Abstract 385: Circulating Progenitor Cells: Modulation of Their Differentiation and Function by the Micro-environment
Bone marrow-derived progenitor cells are therapeutically used to enhance left ventricular function after myocardial infarction. A potential hazard of such an approach might originate from the differentiation of progenitor cells into cell types that are not committed to a cardiac lineage. Therefore, we aimed to determine whether CPCs are terminally lineage-committed.
Methods: Blood-derived mononuclear cells obtained from healthy individuals were cultured in endothelium-specific medium containing growth factors for 4 days. (At this time, adherent cell are considered to represent lineage-committed endothelial progenitor cells (EPC) and are used in clinical trials.) Adherent EPCs were now cultured for 1 week in basal endothelial medium (BEM) alone (Con), in BEM supplemented with interleukin 2 (IL2, 1200 IU/mL) to induce a lymphocytelineage commitment, BEM + epidermal growth factor (EGF, 100 ng/mL) to support a development in epithelial cells and BEM + vascular endothelial growth factor (VEGF, 200 ng/ml) to promote a differentiation in endothelial cells. After this time, adherent cells were analysed for the expression of CD34 (stem cell marker), CD3 (lymphocyte marker), E-cadherin (epithelial marker), and KDR (endothelial marker) using FACS. Functional properties of EPCs were assessed by matrigel and migration assay.

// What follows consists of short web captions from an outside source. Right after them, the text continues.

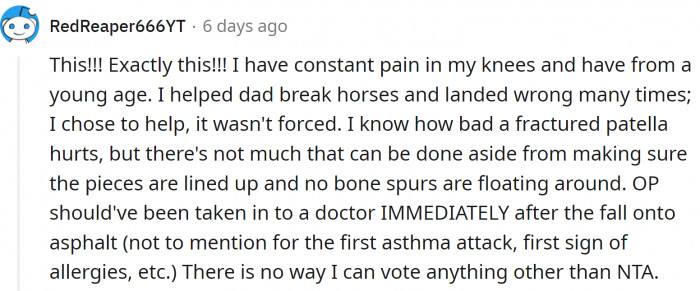 People with similar health problems contributed:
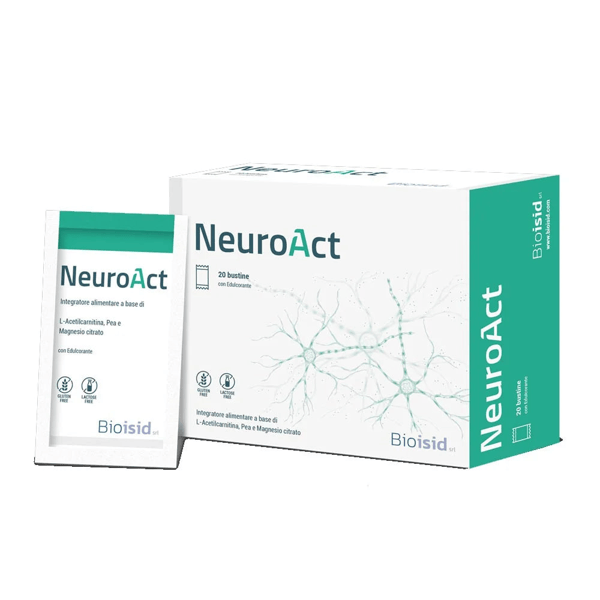 Neuroact Integratore Per Sistema Nervoso 20 Bustine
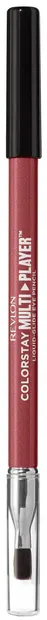 Revlon ColorStay Creion de ochi rezistent la apă Multiplayer, 406 Queen Of Hearths, 0.9 g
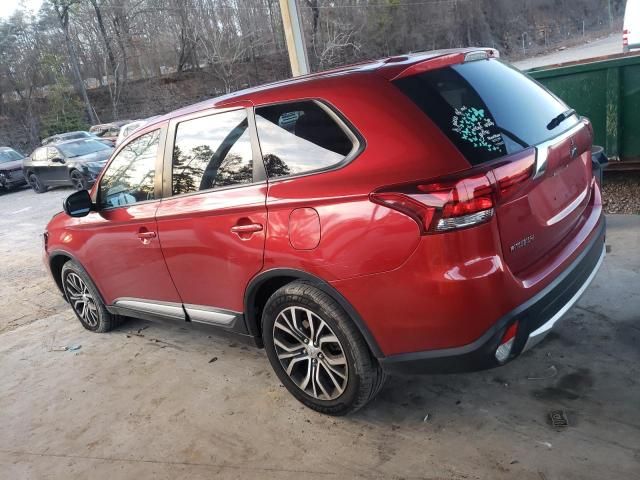 2018 Mitsubishi Outlander SE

Results: Exposure of EPCs to IL2 induced a lymphocyte lineage commitment with an augmentation in the number of CD3+ cells by 156±34% (p<0.05 vs. Con). On the contrary, IL2 decreased the amount of CD34+KDR+ EPCs by 60±6%, attenuated their ability to incorporate into vascular structures by 68±10% and diminished their migratory capacity by 61±9% (p<0.05 vs. Con). Exposure of EPCs to EGF resulted in an epithelial lineage-commitment with an expansion of CD34+E-cadherin+ cells by 75±15% (p<0.05 vs. Con). Culture of EPCs in BEM + VEGF enlarged the proportion of CD34+KDR+ cells by 48±8% and improved their ability to incorporate into vascular networks by 45±6 % (p<0.05 vs. Con).
Conclusion: Bone marrow-derived circulating progenitor cells are not terminally lineage-committed. The micro-environment substantially impacts on fate and function of these cells and, therefore, might modulate their therapeutic potential in clinical settings.